Recorded data Start Marker

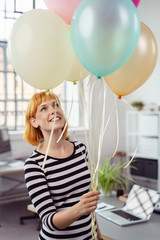 frau im büro freut sich über luftballons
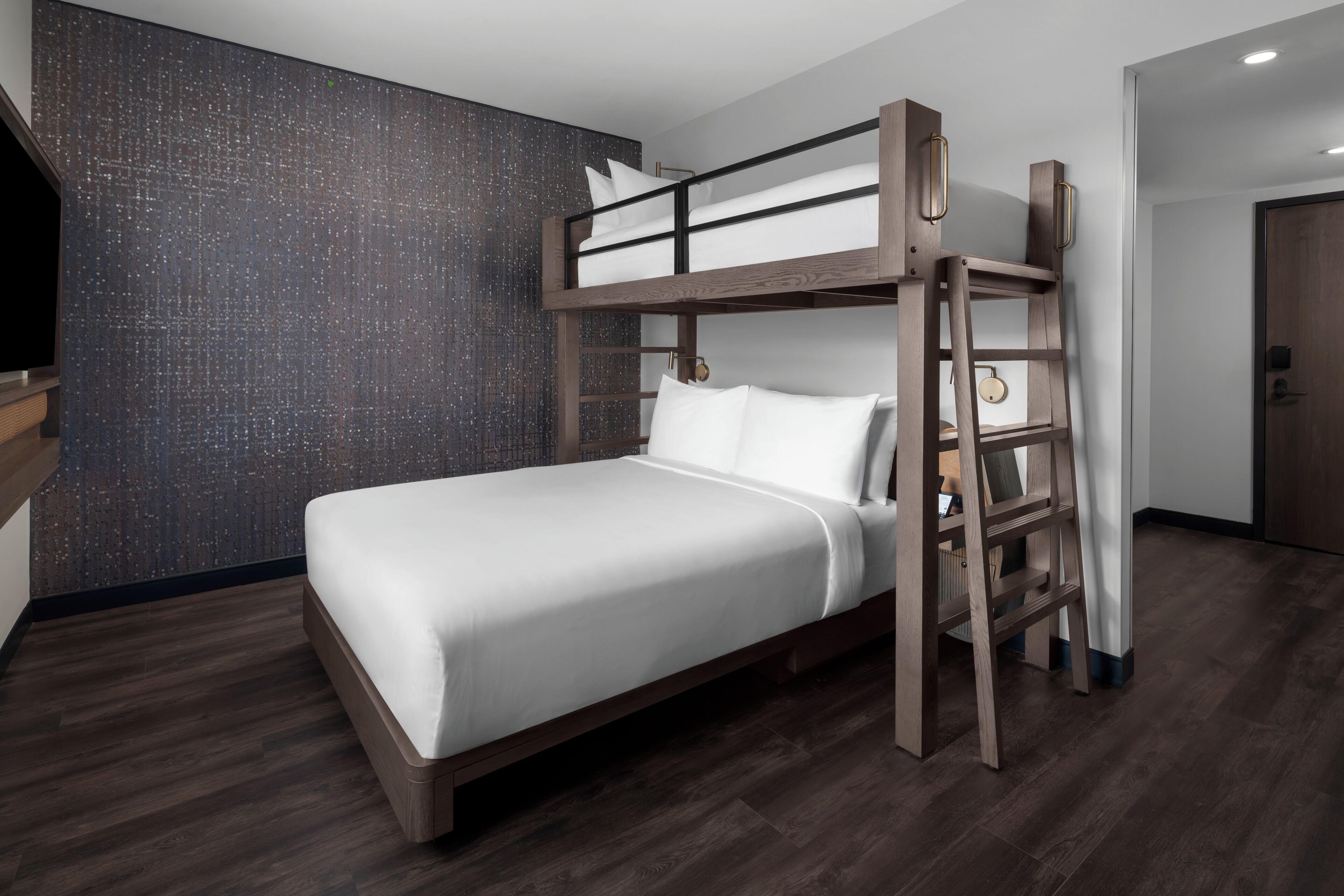 Una cama litera con estructura de madera y ropa de cama blanca en una habitación moderna con suelo de madera oscura y pared texturizada.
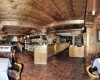 Reštaurácia s drevenými stropmi a nábytkom, prestreté stoly a bar v pozadí.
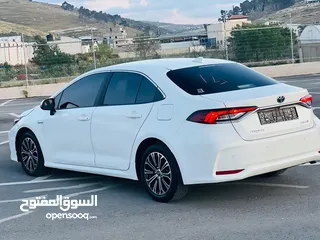  19 تيوتا كورولا هايبرد ترخيص 2022 فل بدون فتحة مميزة  ماتور 1800cc ( بنزين + كهرباء) 170Hp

Recorded data End Marker

→ **Your task**: Once the images are removed, print the remaining data exactly as it appears above.

→ **Solution**:
 frau im büro freut sich über luftballons
 Una cama litera con estructura de madera y ropa de cama blanca en una habitación moderna con suelo de madera oscura y pared texturizada.
 Reštaurácia s drevenými stropmi a nábytkom, prestreté stoly a bar v pozadí.
  19 تيوتا كورولا هايبرد ترخيص 2022 فل بدون فتحة مميزة  ماتور 1800cc ( بنزين + كهرباء) 170Hp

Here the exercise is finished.